1.2 Previous work on sand-mud characterisation techniques

The availability and reliability of non-intrusive measurement techniques for monitoring the development of mixed (sand-mud) sediment beds (i.e. structure and composition) remain a major challenge for improving understanding of sedimentation processes in mixed sedimentary environments (Ha et al. 2010). The majority of sedimentation and consolidation studies are conducted in settling columns (te Slaa et al. 2013), focussing on vertical profile measurements of bulk density development within the consolidating bed, as well as excess pore water pressure dissipation. Previous settling column investigations have used a range of non-intrusive measurement methods for bulk density and bed porosity including X-ray and γ-ray techniques (e.g. Been and Sills 1981; Merckelbach 2000; Villaret et al. 2010) and a prototype magnetic resonance imaging (MRI) system (e.g. Pham Van Bang et al. 2008). The advantage of X-ray and γ-ray techniques is the measurement of continuous density profiles to a high resolution (±2 kg m−3) (te Slaa et al. 2013). However, they have distinct disadvantages in terms of the health and safety risks associated with potential exposure to radiation hazards. Furthermore, when investigating the consolidation of sand-mud mixtures, all these non-intrusive techniques (i.e. MRI, X-ray and γ-ray) are limited to the measurement of bulk density or porosity profiles (i.e. through the total volumetric solids concentration ϕ s of the sand-mud mixture). Hence, no additional information on the individual volumetric concentrations of mud or sand fractions can be determined (Van and Pham Van Bang 2013).
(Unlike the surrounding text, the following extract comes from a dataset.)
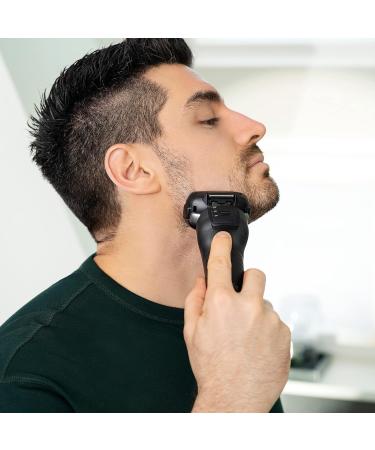 Buy Panasonic Series 900 ES-LV6U Premium Wet & Dry Razor for Men | 5-Blade Shearing Head Linear Motor Beard Sensor | Matte Black - International Shipping Available - Buy Online on SooperMarket.com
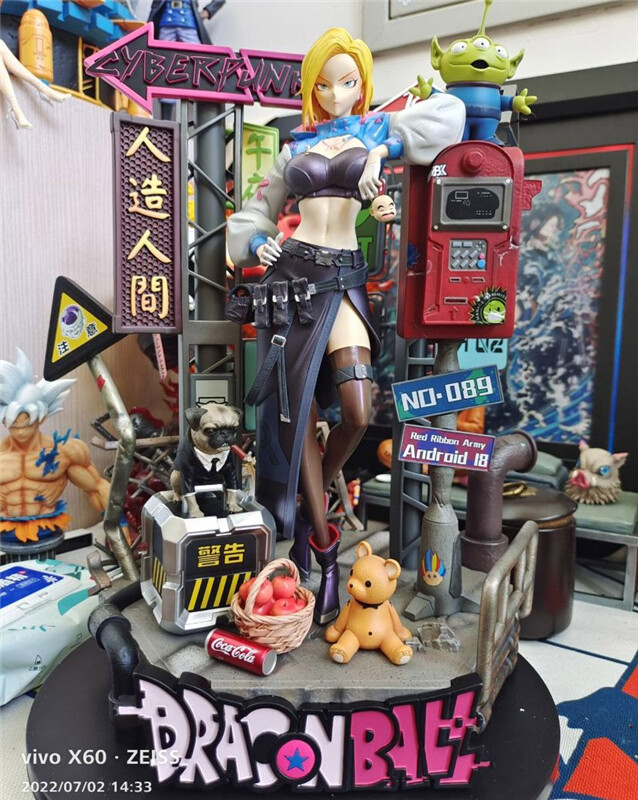 Lamdogフィギュア Android 18 Resin Lazydog studio JPS Dragon Ball Collectibles 33cm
One of the main aims of the current study is, therefore, to demonstrate the potential of a new non-intrusive bed characterisation technique, based on electrical resistivity measurements of bulk density and porosity. A key advantage of this technique is that it allows virtually continuous, non-invasive profiling of the developing bed deposit structure from sedimentation of sand-clay mixtures over a wide range of initial concentrations and mixture compositions, without any risk from radiation hazards. Furthermore, temporal and spatial changes in fractional (sand-mud) bed layer composition within the resulting deposits can be identified through calibration against known resistivity values for specific sand-mud mixtures. It is noted that a similar measurement technique, based electrical conductivity to measure density, was utilised in the study by te Slaa et al. (2013) for characterising silt-rich sedimentation processes. However, the technique developed and employed herein has the distinct advantage in that by utilising a 4-point measurement technique (rather than 2-point), the effects of electrode polarisation are removed, resulting in reliable bulk measurements (see Section 2.2.2).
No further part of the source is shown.